I'm using the AWS Machine Learning regression to predict the waiting time in a line of a restaurant, in a specific weekday/time. Today I have around 800k data.

Example Data:

restaurantID (rowID)weekDay (categorical)time (categorical)tablePeople (numeric)waitingTime (numeric - target)
1                               sun                              21:29                  2                                 23                                            
2                               fri                                 20:13                  4                                 43                                            
...


I have two questions:

1) Should I use time as Categorical or Numeric?
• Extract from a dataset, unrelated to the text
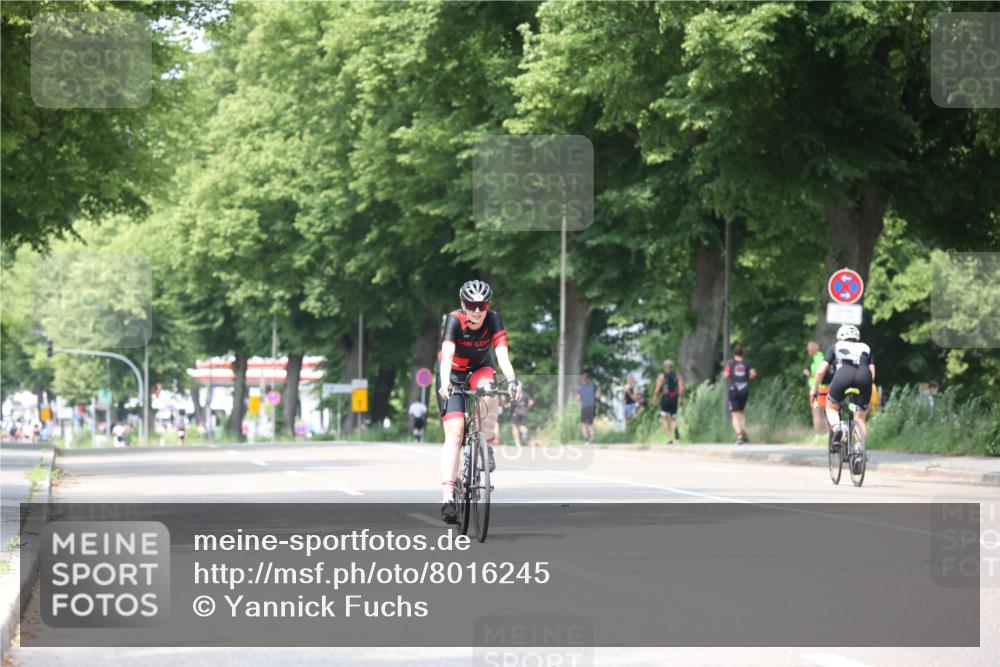 15.06.2025 - 7 Türme Triathlon Yannick Fuchs http://msf.ph/oto/8016245 15.06.2025 13:29:19 Radfahren 232, 316, 434 meine-sportfotos.de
It's better to split into two fields: minutes and seconds?

2) I would like in the same model to get the predictions for all my restaurants.

Example: I expected to send the rowID identifier and it returns different predictions, based on each restaurant data (ignoring others data).

I tried, but it's returning the same prediction for any rowID. Why?

Should I have a model for each restaurant?


Solution

  • There are several problems with the way you set-up your model

    1) Time in the form you have it should never be categorical. Your model treats times 12:29 and 12:30 as two completely independent attributes. So it will never use facts it learn about 12:29 to predict what's going to happen at 12:30. In your case you either should set time to be numeric. Not sure if amazon ML can convert it for you automatically. If not just multiply hour by 60 and add minutes to it. Another interesting thing to do is to bucketize your time, by selecting which half hour or wider interval. You do it by dividing (h*60+m) by some number depending how many buckets you want. So to try 120 to get 2 hr intervals. Generally the more data you have the smaller intervals you can have. The key is to have a lot of samples in each bucket.

    2) You should really think about removing restaurantID from your input data. Having it there will cause the model to over-fit on it. So it will not be able to make predictions about restaurant with id:5 based on the facts it learn from restaurants with id:3 or id:9. Having restaurant id there might be okay if you have a lot of data about each restaurant and you don't care about extrapolating your predictions to the restaurants that are not in the training set.

    3) You never send restaurantID to predict data about it. The way it usually works you need to pick what are you trying to predict. In your case probably 'waitingTime' is most useful attribute. So you need to send weekDay, time and number of people and the model will output waiting time.